Общей приметой почти всех столовых были грязь и копоть: на полу, на скамьях, на столах, на стенах. Не избежали этой участи даже некоторые райкомовские столовые. «Грязная харчевня» — так не совсем по-канцелярски была названа одна из «культурных» ранее столовых в официальном отчете. Работники общепита иногда жаловались на невозможность соблюдать чистоту там, где кормились «ремесленники» и «неорганизованное население», но не всегда чистыми выглядели и ведомственные столовые. Темнота в столовых (этим, кстати, пользовались грабители, опрокидывавшие свечи и хватавшие со столов продукты), вид посетителей, закопченных дочерна, не снимавших шапки и пальто, сидевших в грязной, нечищеной, ветхой одежде и обуви, отсутствие посуды и столовых приборов, заставлявшее лакать супы через край тарелки и есть кашу руками, склоки, ругань, подозрительность, неубранные трупы у дверей, вид людей, роющихся в отбросах находившихся рядом помоек, — ничто не проходило бесследно, и руки опускались даже у тех, кто не был столь истощен и не готов был сразу смириться с распадом «общепитовской» культуры.

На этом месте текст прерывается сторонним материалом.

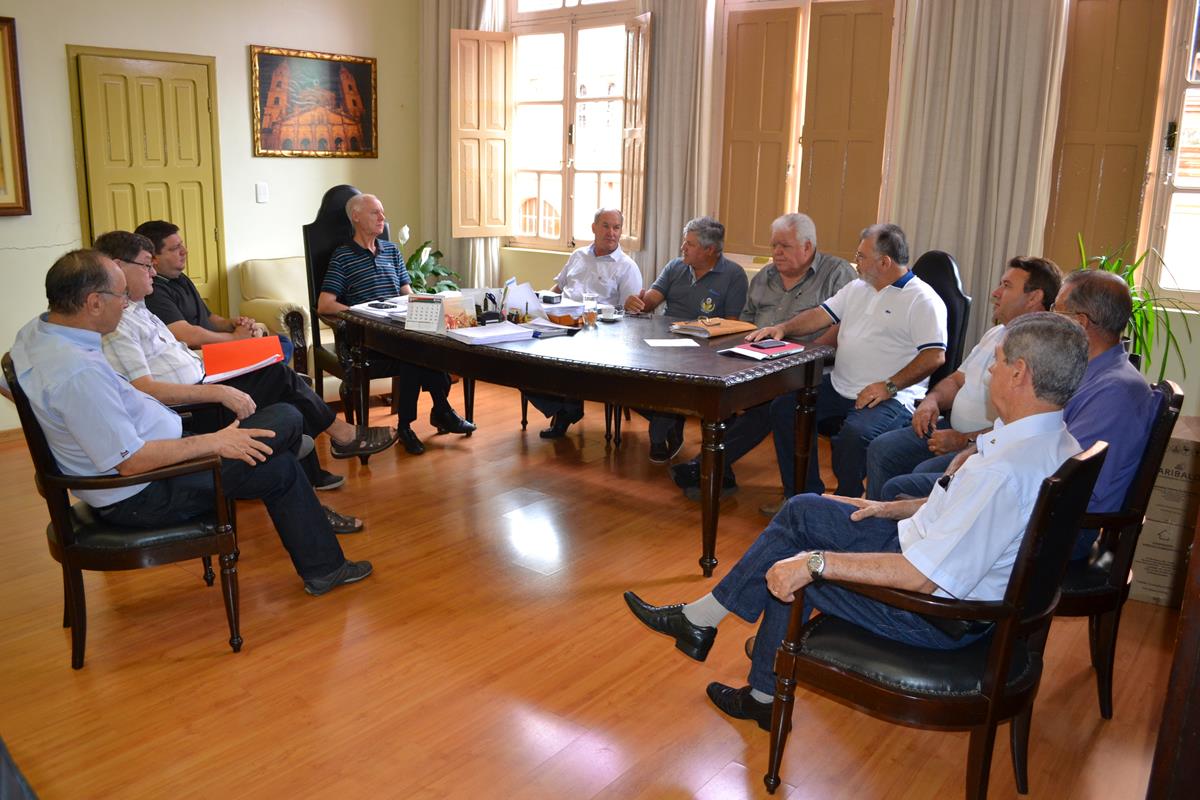 O encontro foi realizado no centro administrativo José Alcebíades de Oliveira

Редко в какой столовой во второй половине 1941-го — начале 1942 года не видели очередей. Отчасти это было вызвано медлительностью в выдаче блюд, что, конечно, имело тогда свое оправдание: «…стояли в очереди с баночками. Когда подходила очередь, то кашу взвешивали на весах на тарелочке, потом перекладывали в другую тарелку, и мы с жадностью смотрели, чтобы всё выскоблили с тарелки»{198}.

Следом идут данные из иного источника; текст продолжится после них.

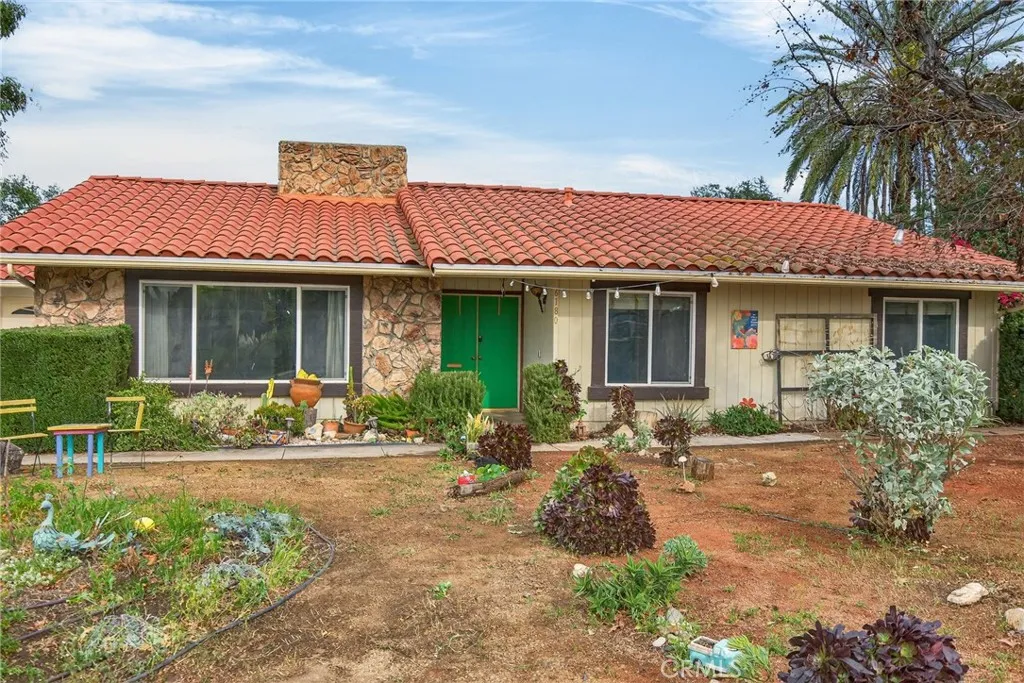 6180 Shaker, Riverside, California 92506 home-pic-1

«Длиннейшие», «километровые» очереди наблюдались еще в сентябре 1941 года. «Чтобы пообедать где-нибудь в открытого типа столовой, надо простоять в очереди 3—5 часов», — отмечал 24 сентября 1941 года А.А. Грязнов{199}. Тогда этот ажиотаж еще можно было понять — в столовых и в сентябре продолжали выдавать «бескарточно» ряд блюд. Но очереди, в которых стояли более одного-двух часов, наблюдались и позднее, в декабре 1941-го — феврале 1942 года. Приготовить дома обед было не на чем, а в фабрично-заводских столовых даже в «смертное время» выдавали часто «бескарточный» суп, и не одну, а несколько тарелок — надо было только уметь тайком пронести его через проходную. Конечно, суп этот был «пустым», обычная белесоватая жидкость, куда добавили несколько капель соевого молока — но кого это могло остановить? Очереди в столовых иногда уменьшались к концу декады. Карточки на крупу и мясо были к этому времени «проедены» — кто-то ведь брал не одну, а несколько порций, не имея сил вытерпеть, и потому приходилось, «подголадывая», ожидать следующей десятидневки.

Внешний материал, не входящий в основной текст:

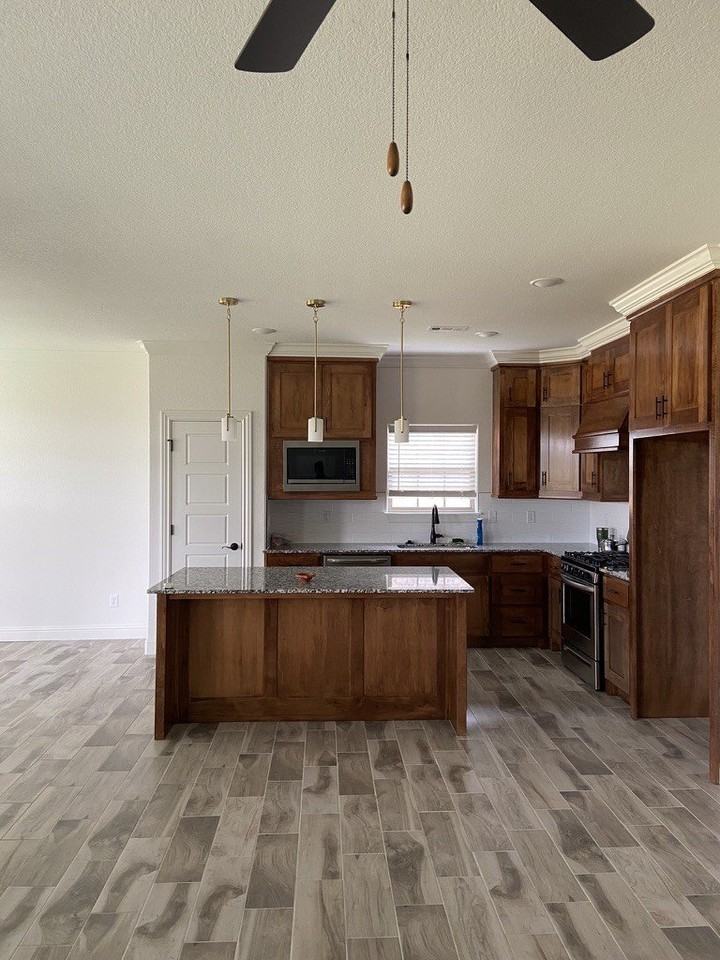 720 Skylar St - Photo 5 of 12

Любая очередь — это очаг конфликтов. Особенно это характерно было для блокадных столовых. Не дать опередить себя, успеть дотянуться до чистой ложки, потребовать, чтобы долили супа, порция которого показалась малой, найти место за столом и занять его, отталкивая других, быстрее прочих зазвать к себе официантку, пока не раздали все блюда, внимательно присматриваться к посетителям, подозревая, что они способны на воровство, — как могло проявиться в этом хаосе «чинное» спокойствие? «Толпа, давка, ругань… Я давно потеряла надежду поддержать порядок в этой массе голодных», — записывала в дневнике 23 декабря 1941 года заведовавшая столовой ТЭЦ И.Д. Зеленская{200}.

Наиболее бурно реагировали, когда узнавали, что прекращается выдача первых или вторых блюд. Поднимался крик, даже раздавались угрозы. Та же И.Д. Зеленская вспоминала, как в столовой «закончилась каша»: «Паня-буфетчица крикнула: “Что вы все на нас, ведь война же!” И ей несколько человек ответило: “При чем здесь война”». Самой И.Д. Зеленской в этот день, 1 ноября 1941 года, тоже было несладко: «Пришлось услышать, что меня надо выкинуть, вытащить за волосы, что я не “рабочего классу”, и, наконец, откровенное признание: “пока они нас жмут, но погоди, придет время, и мы их прижмем”. Это говорит представительница “рабочего классу”, молодая “комсомолка”»{201}.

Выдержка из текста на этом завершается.